Use any good wood wax. It will prevent rust, ease friction and not hurt the wood.


----------



## Billwolley (Feb 7, 2005)

I've been using Butcher's wax on my table saw, chop saw, drill press, joiner, and router table for several years. The wax is easily applied and buffed to give a really nice protective and smooth finish.

Bill


----------



## ryan.s (Mar 17, 2005)

Would your common variety car wax work? Something like paste Turtle Wax?


----------



## garyb (Sep 19, 2004)

Well, good or bad, that's what I used, and for now it seems fine. I have some bee's wax but I've never gotten it to work for anything so for now it stays in the cupboard. Before I forget, I also waxed the fence. So far, so good. Guess we'll see some day when I finish something.

Now don't get me wrong, but seems to me, whatever wax you use, if it dries and you buff it out, it shouldn't make any difference what kind of wax it was?

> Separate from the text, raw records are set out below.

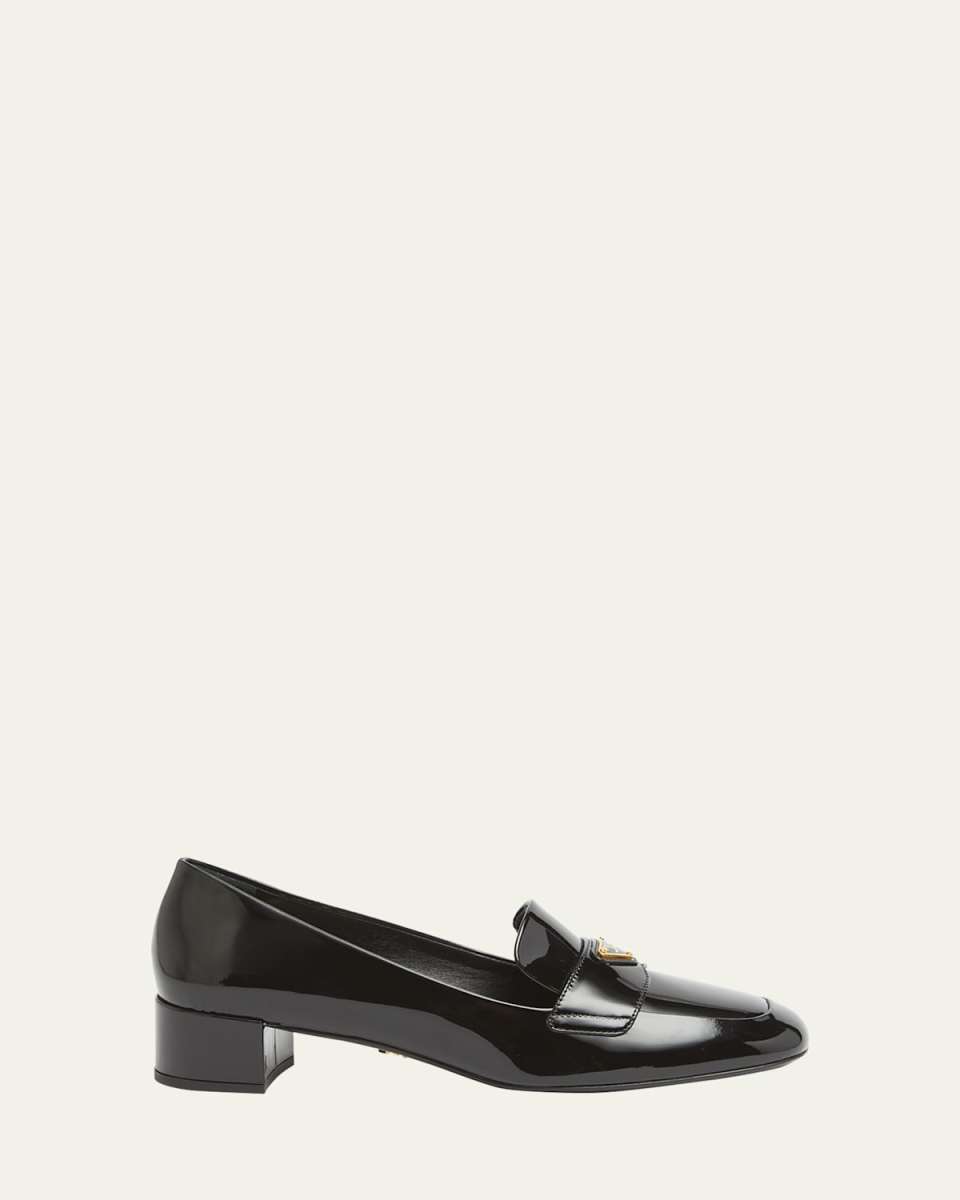 Vernice Patent Loafer Pumps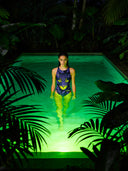 Maillot une pièce femme d'entraînement PINUP 509PF - Glow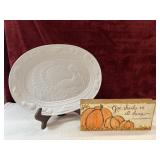 Rainbow Hotel Casino ceramic turkey platter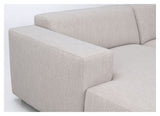 Willard Sofa 3-seters w. sjesel lang, venstre, lett beige stoff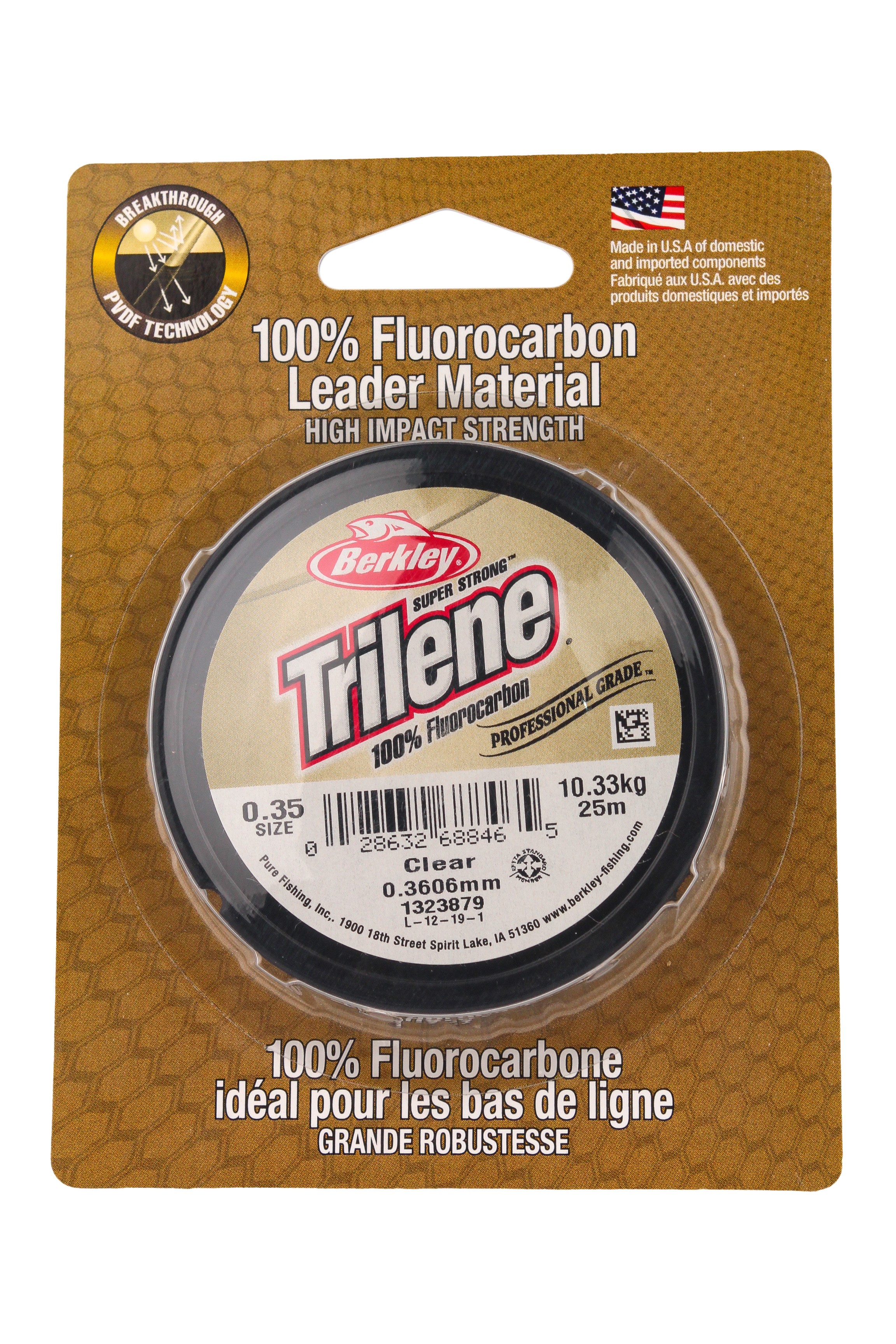 Леска Berkley Trilene Fluorocarbon clear 25m 0.35 - фото 1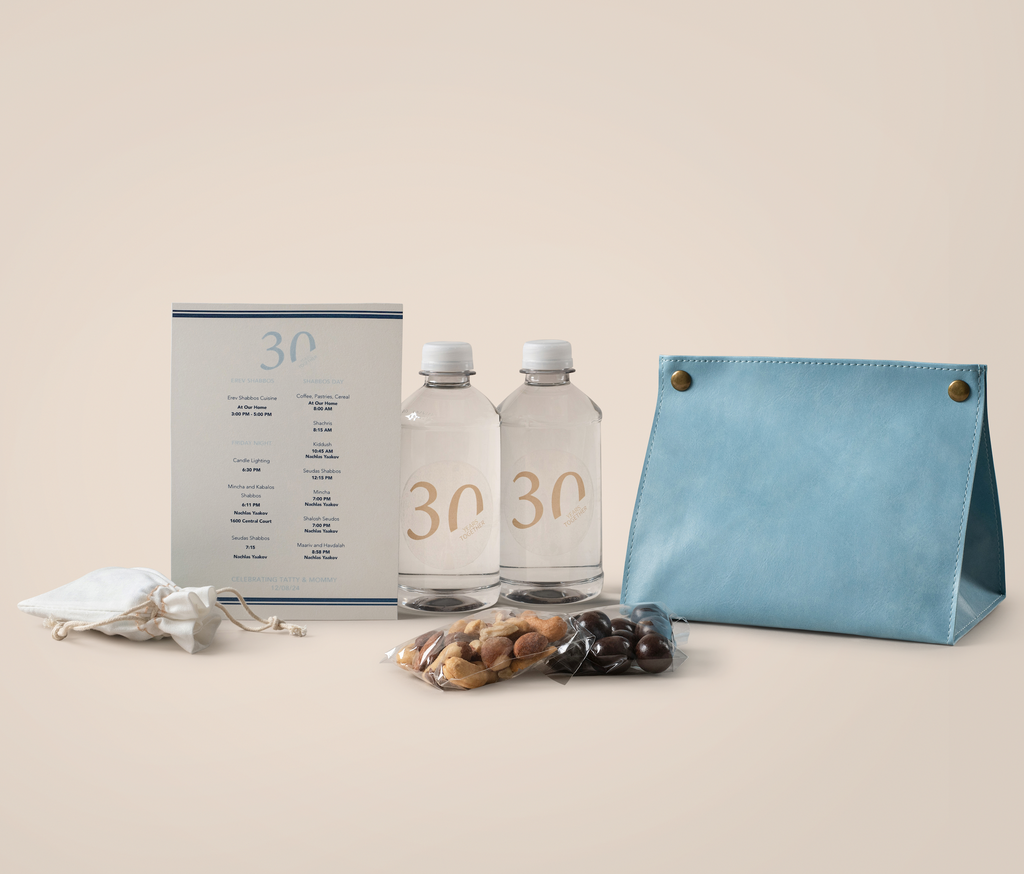 Sky Blue Leather Snap Hostess Pouch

Only way you would get bad wax on a board is if there was any residue around. I know, just splitting hairs here.


----------



## Woodnut65 (Oct 11, 2004)

Hi: I have been using a product for years. The name of it is "Top Cote" it contains no silicones or oils. It has no effect on the finishes of a project. It is a spray can and lasts a long time. I spray it on the table saw, jointer, the saw fence, the band saw and the drill press table. Spray it on wipe over the surface and let it dry a couple minutes, the wipe it with a paper towel. Woodnut65


----------



## NewMontanaWorkshop (Sep 10, 2004)

Johnson's paste wax or Minwax Paste Finishing Wax is what I use here.


----------



## GoonMan (Mar 22, 2005)

My brother uses Bore Butter on his table saw top. It sets outside year round under his carport with a cover on it. He will use it on his saw 2 or 3 times a year and does not has a speck of rust showing. This is what they use for Primitive Fire Arms. I have not tried it yet. But will soon.


----------



## cschoolland (Sep 19, 2005)

My experience has been great with Minwax paste finishing wax. I've tried several brands, all of which wear off eventually. Minwax seems to last the longest.


----------